Autumn had just started to bite here in Melbourne, and it seemed like the perfect time to settle in and learn a lot more about cider, and eat some delicious food at Libertine in North Melbourne.
Our hosts, Zoe and Nick, packed their restaurant with cider makers, cider lovers and food-folk; offered us 12 ciders over four courses with plenty of cider making and tasting chat.
What’s not to love?
We started with a glass of Henry of Harcourt Original Cider – served as an aperitif like a champagne. This is made from Pink lady eating apples, a practice that is quite common in Australia, but very unlikely in France or the UK where cider apples are grown especially for cider and brandy making. I found the Cider to be very dry, short and quite acidic.
Then we settled in for:
Fromage du Tete, crackling and radish salad
Henry of Harcourt Perry – made from eating pears – tasted thin and very acidic.
Napoleon & Co Pear Cider – Sweet and inoffensive
Le Père Jules Poire Pay D’Auge – Complex, full and aromatic. Also organic.
Seared trotter (with truffles), gribiche & beans
Henry of Harcourt 2010 Yarlington Mill – this is made from a single variety of cider apple. I found it terribly dry, tannic, bitter and pretty much undrinkable.
Napoleon & Co Apple Cider – Apple blossom fragrance and pleasant drinking.
Cidre d’Anneville Cidre Traditionnel, Pays de Caux – a typical pasteurised cider – sweet smelling, but a dry finish little bit tannic behind your front teeth…
Confit pork belly, bourdin noir and Calvados Jus
Henry of Harcourt Duck & Bull draft cider – this had a distinct smell of pineapple lollies and was quite astringent.
Henry of Harcourt Kingston Black ’10 – another single apple cider and again I found it bitter. The apple variety hails from Sommerset, and it was hoppy and almost “beer-like”.
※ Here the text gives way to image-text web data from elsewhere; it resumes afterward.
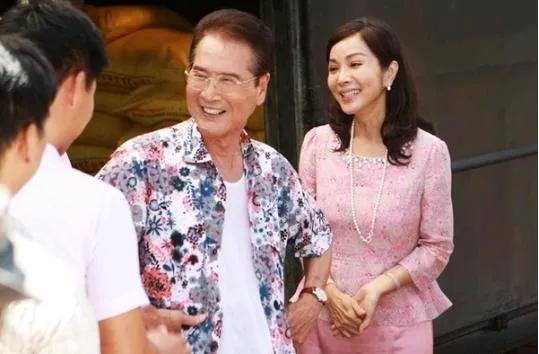 突发！82岁演员石英去世，感冒住院后医治无效，曾出演《意难忘》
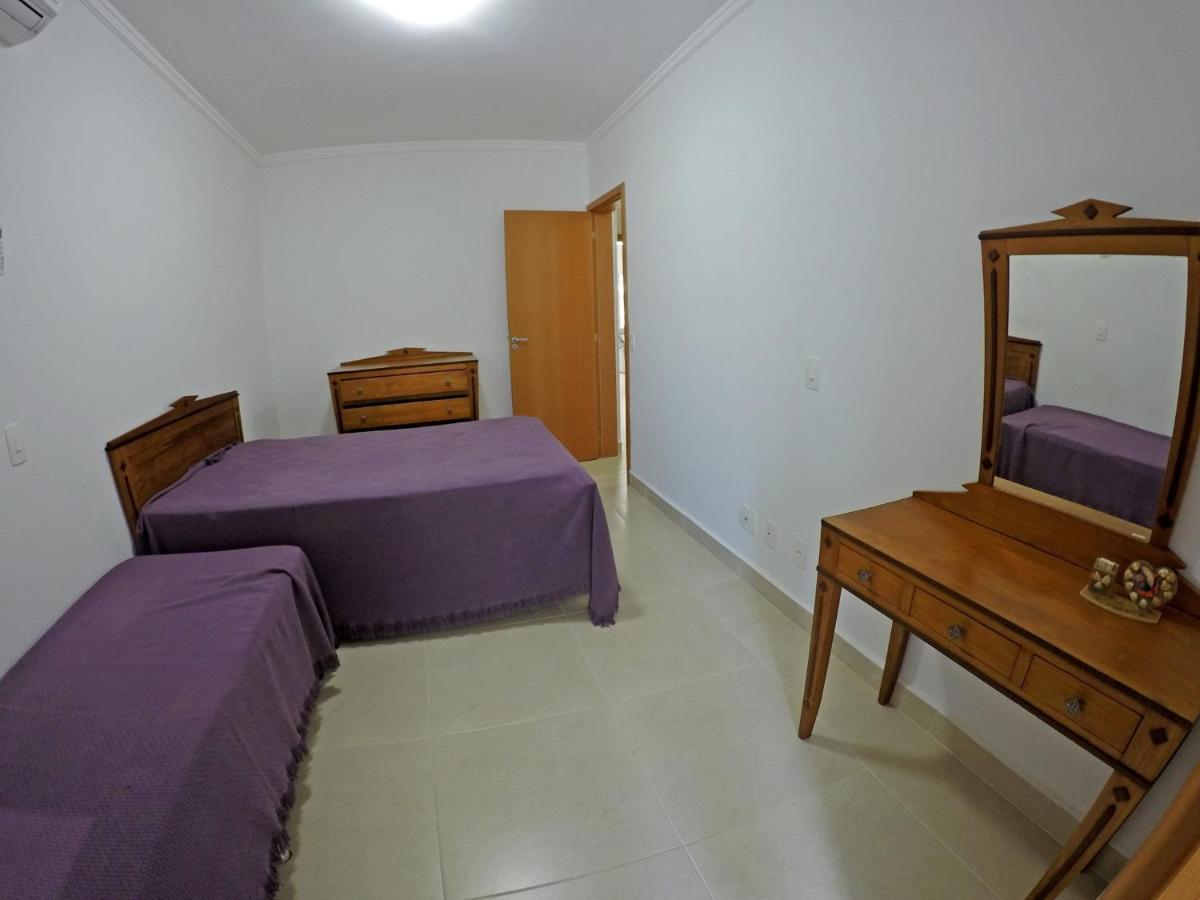 Cobertura Ubatuba para famílias - até 12 pessoas Esterno foto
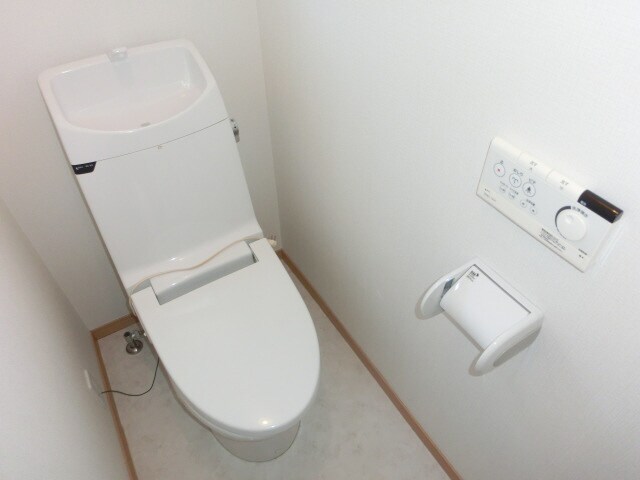 ラシック鷹匠の物件内観写真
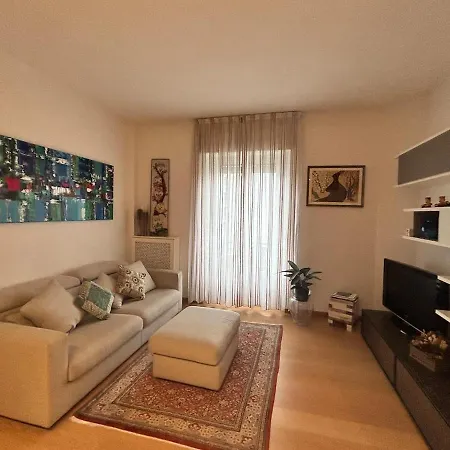 La Casa Di Gio 아파트 밀라노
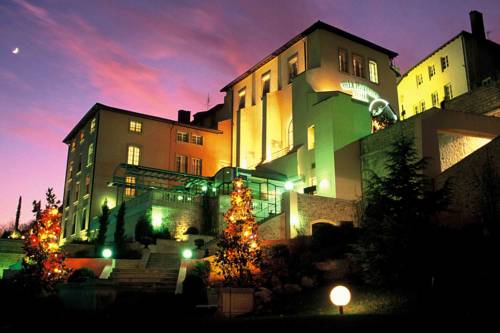 Villa Florentine : Hotel proche de Lyon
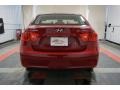 Redfire Pearl - Elantra GLS Sedan Photo No. 9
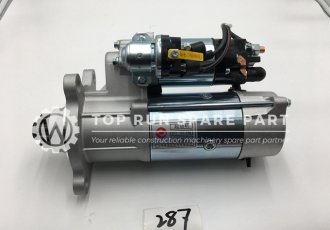 Shanghai engine starter S00013524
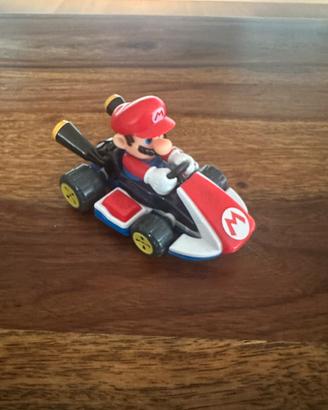 Super Mario Kart
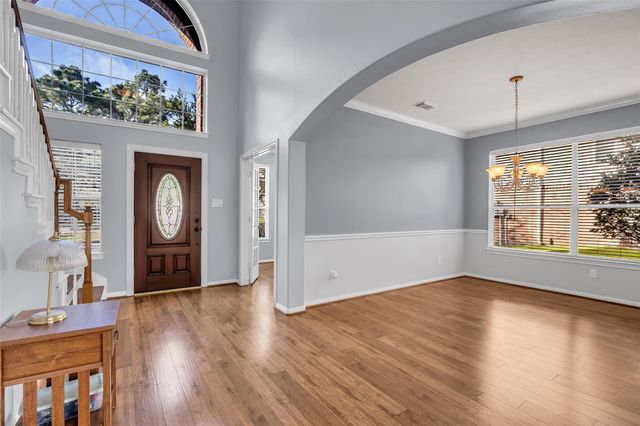 18310 Glacier Bay Court, Humble, TX 77346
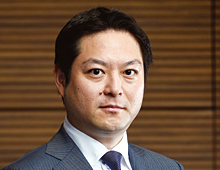 ニッポンの「未来」をつかむ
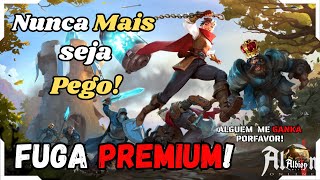 Qual MELHOR Montaria  Albion Online [upl. by Glenine930]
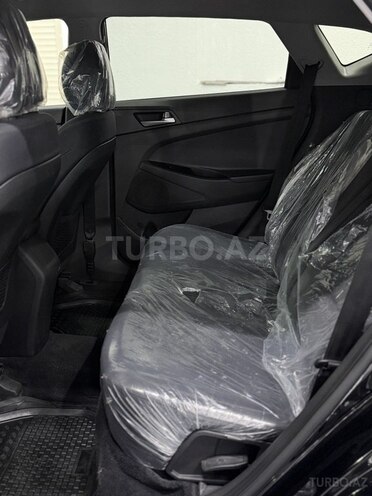 Hyundai Tucson-19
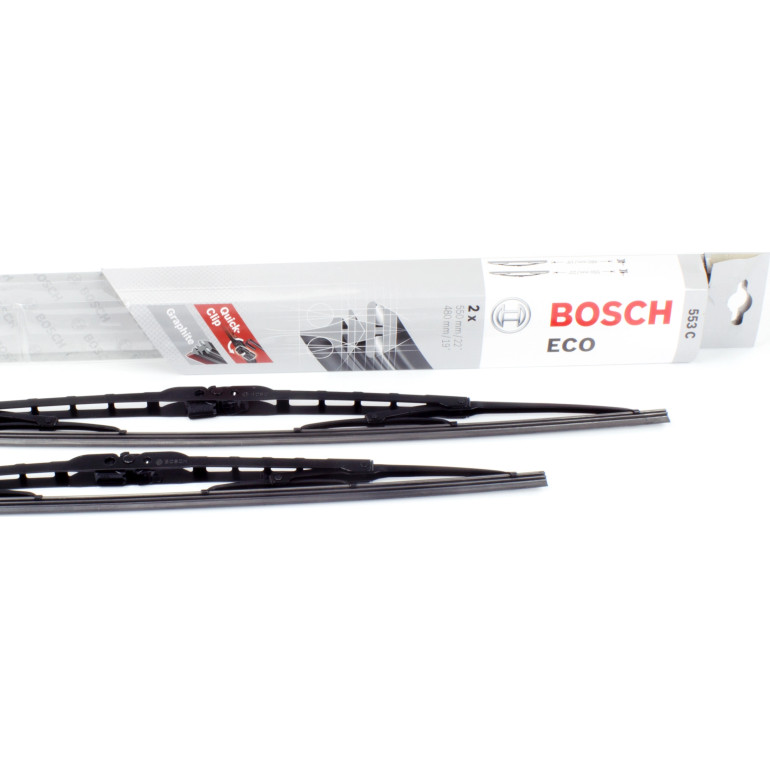 BOSCH 553C Scheibenwischer ECO 3 397 010 251 BOSCH 553C Scheibenwischer ECO 3 397 010 251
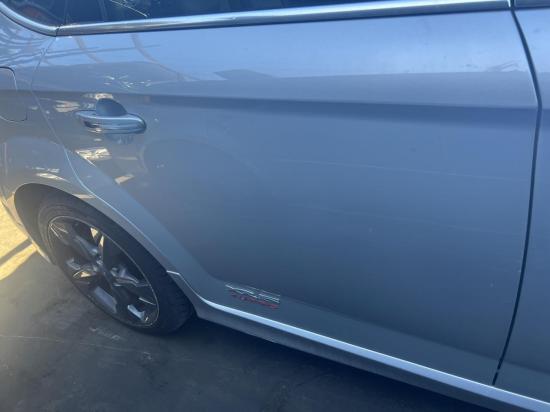 ford Mondeo 2010 Parts & Wrecking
Cidre de Cornouailles Manoir du Kinkiz, Brittany – AOC cider, slightly sweeter than the previous two, orange in colour and effervescent. Had aroma notes of .. wait for it … manure, urine and asphalt.
Henry of Harcourt Last Apple 2008 – made from some Pink Lady apples that they forgot to harvest.
Cider Doux Binet Rouge, Pays de Caux – made from a single apple variety – the Binet Rouge.
Overall on the evening the attendees voted Napolean & Co Apple Cider their favourite, followed by a tie for second between Henry of Harcourt Kingston Black and Cider Doux Binet Rouge, with Cidre Cournouailles coming 4th.
I didn’t agree with them :-) I put all the French ones before the local ones.
I learnt that Cider in Brittany is made with indigenous yeast, can be pasteurised or unpastrieurised, and comes from hundreds of years of tradition, often from small producers who think that no-one else will like their cider as it’s “rustic”.
Our local “artisinal” ciders are made with champagne yeast and most often table apples. Only very special makers have access to cider apples, Henry of Harcourt being one, and Bress Wine and Cider being the other that I know of. There may well be more.
Cider apples are juicy, and very tannic and astringent.
Making Perry is a difficult proposition as the natural process produces naturally occurring sorbitol, also used as a sugar substitute.
Industrial ciders are made from apple concentrate and spring water and are nasty!
I also learned that 13 tasting glasses makes you a wee bit squiffy!